TASK =
Could you transcribe exactly the lines below, from the line with "Hàng trăm triệu" through the line with "Ada Virus Kuno dalam DNA Manusia", and nothing else, leaving out the pictures?
Segment Start: EXCERPTED DATA
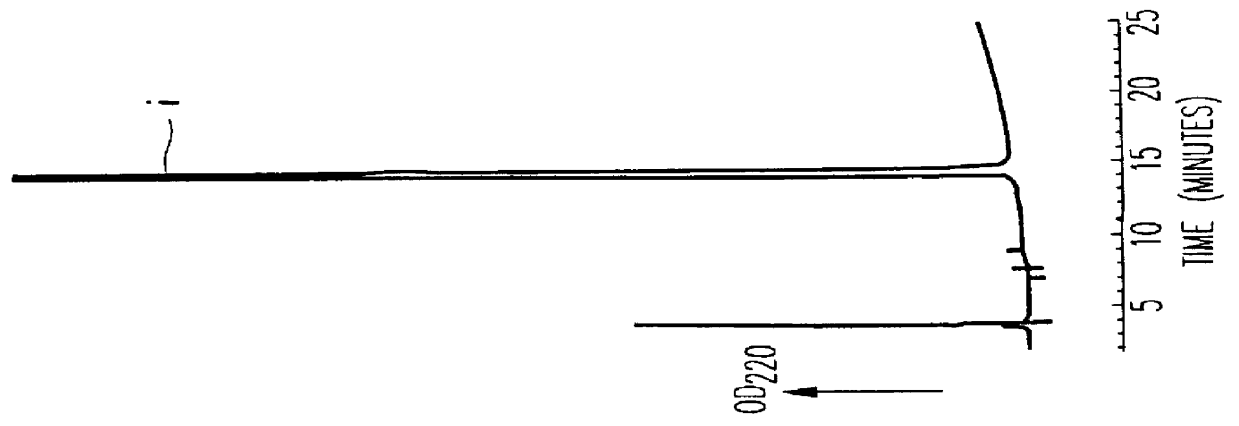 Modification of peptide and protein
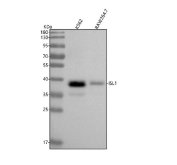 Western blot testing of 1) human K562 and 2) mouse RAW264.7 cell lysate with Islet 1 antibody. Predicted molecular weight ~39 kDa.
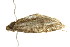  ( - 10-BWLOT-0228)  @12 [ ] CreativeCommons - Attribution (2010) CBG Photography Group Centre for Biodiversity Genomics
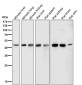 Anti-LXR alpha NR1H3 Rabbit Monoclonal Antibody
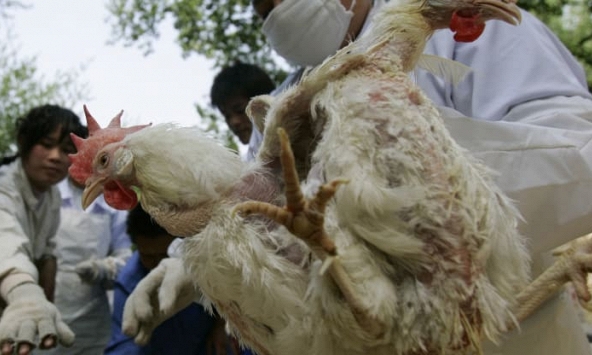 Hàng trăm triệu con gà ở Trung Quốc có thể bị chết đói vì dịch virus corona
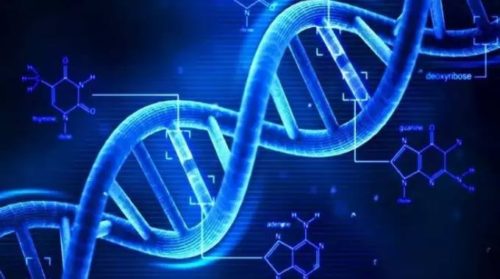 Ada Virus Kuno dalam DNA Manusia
Segment End: EXCERPTED DATA
Segment Start: EXCERPTED DATA
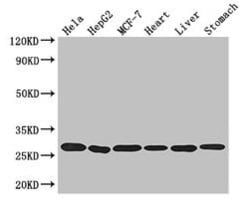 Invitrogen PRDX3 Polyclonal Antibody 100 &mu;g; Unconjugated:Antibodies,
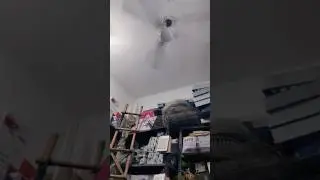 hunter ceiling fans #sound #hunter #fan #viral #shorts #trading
Segment End: EXCERPTED DATA
Segment Start: EXCERPTED DATA
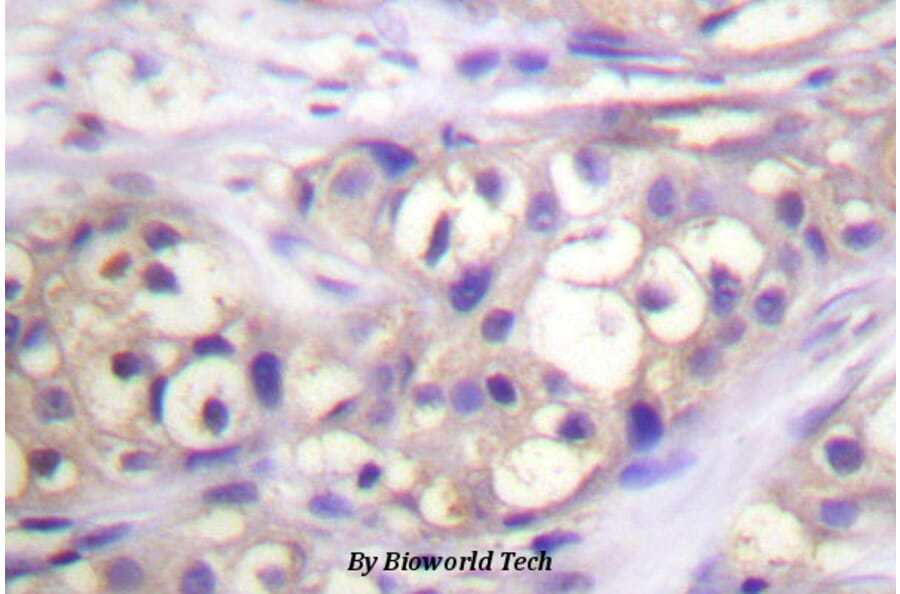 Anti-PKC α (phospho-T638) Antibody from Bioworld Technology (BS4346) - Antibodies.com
Segment End: EXCERPTED DATA
SOLUTION FOR THIS TASK =
 Hàng trăm triệu con gà ở Trung Quốc có thể bị chết đói vì dịch virus corona
 Ada Virus Kuno dalam DNA Manusia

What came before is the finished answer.